3. Algorithm Selection

   Which algorithm is commonly used for topological sorting that repeatedly removes nodes of zero in-degree from the graph?

   1. Kahn's algorithm
   2. Prim's algorithm
   3. Bellman-Ford algorithm
   4. Kruskal's algorithm

4. DFS Approach

   In the DFS-based approach to topological sorting, when should a node be added to the output list?

   1. Every time the algorithm revisits it.
   2. Before any of its neighbors are visited.
   3. When it is first visited.
   4. After all its descendants have been fully visited (post-order).

5. Practical Application

   If you are scheduling project tasks with dependencies, why might you use topological sorting?
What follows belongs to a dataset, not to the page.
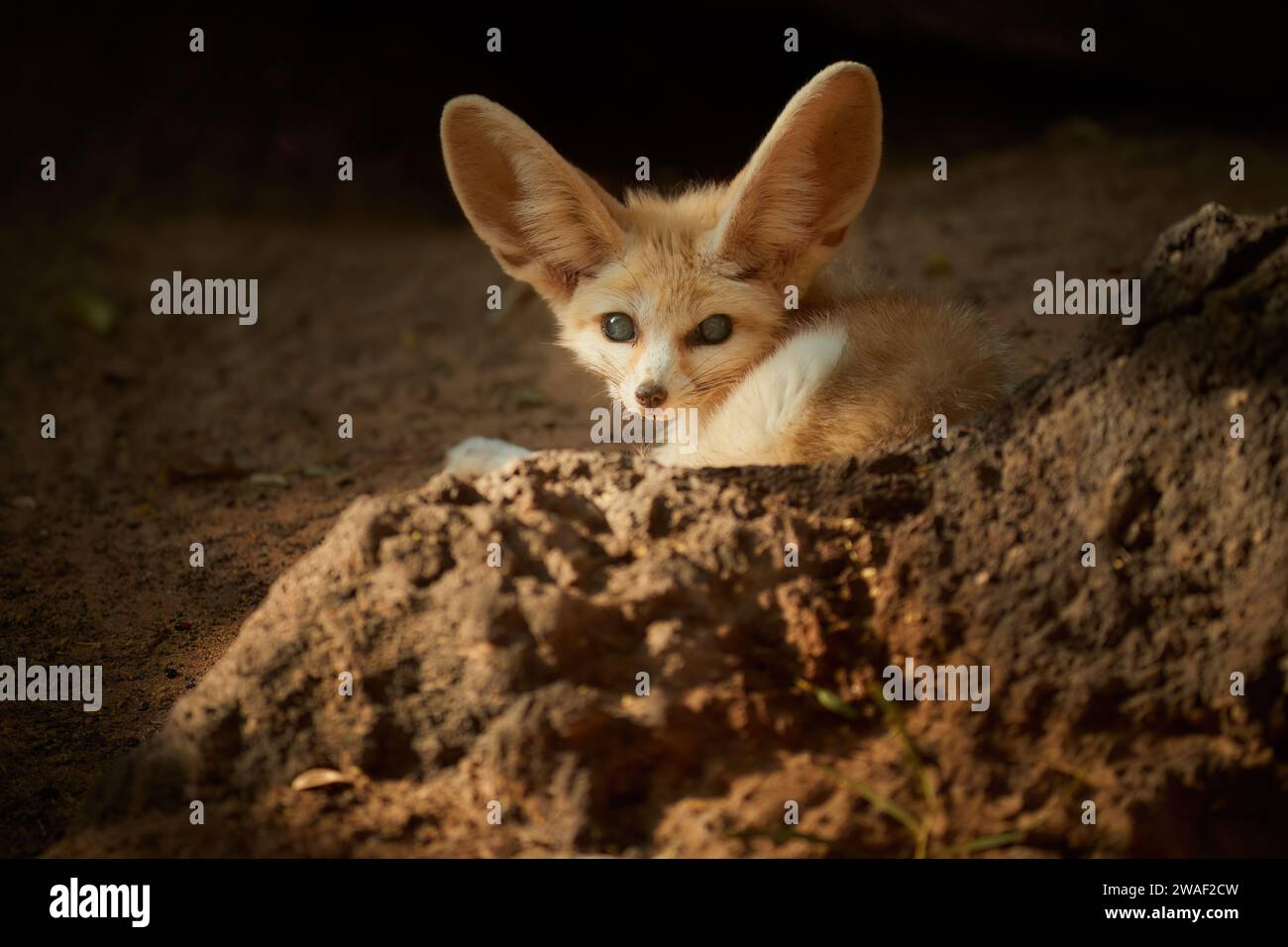 Tema della fauna selvatica del Nord Africa: La volpe Fennec, Vulpes zerda, la volpe più piccola originaria dei deserti del Nord Africa. Contatto visivo diretto, grandi orecchie, roccioso Foto Stock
   1. To ensure tasks are executed in an order that respects dependencies.
   2. To detect the shortest paths between tasks.
   3. To maximize resource usage regardless of dependencies.
   4. To randomly order all tasks.

6. Cycle Detection Mechanism

   How does the DFS method typically detect cycles when performing a topological sort?

   1. By checking if a node has already been fully visited.
   2. By using a recursion stack to keep track of nodes in the current path and detecting back edges.
   3. By examining the in-degree of each node.
   4. By sorting all nodes alphabetically.

7. Indegree Concept

   In Kahn's algorithm, what does a node having zero in-degree indicate during execution?

   1. The node forms a cycle with others.
   2. The node can be safely added to the sorted order as it has no dependencies left.
   3. The node has no outgoing edges.
   4. The node must be skipped in the current iteration.

8. Detecting Cycles with Kahn's Algorithm

   What does it mean if Kahn’s algorithm finishes with unprocessed nodes remaining in the graph?

   1. The graph is already sorted.
   2. There are unreachable nodes from the start node.
   3. All nodes have multiple parents.
   4. The graph contains one or more cycles.

9. Real-world Scenario

   In a build system where files depend on each other, what could a topological sort help determine?

   1. The memory required to store all files.
   2. The correct order in which files should be compiled.
   3. The total number of functions in each file.
   4. Which file contains syntax errors.

10. Algorithm Comparison

    Compared to the DFS approach, what is a key advantage of using Kahn’s algorithm for topological sorting?

    1. It always requires more memory.
    2. It can detect cycles directly by checking if all nodes are processed.
    3. It only works on undirected graphs.
    4. It produces shorter paths between vertices.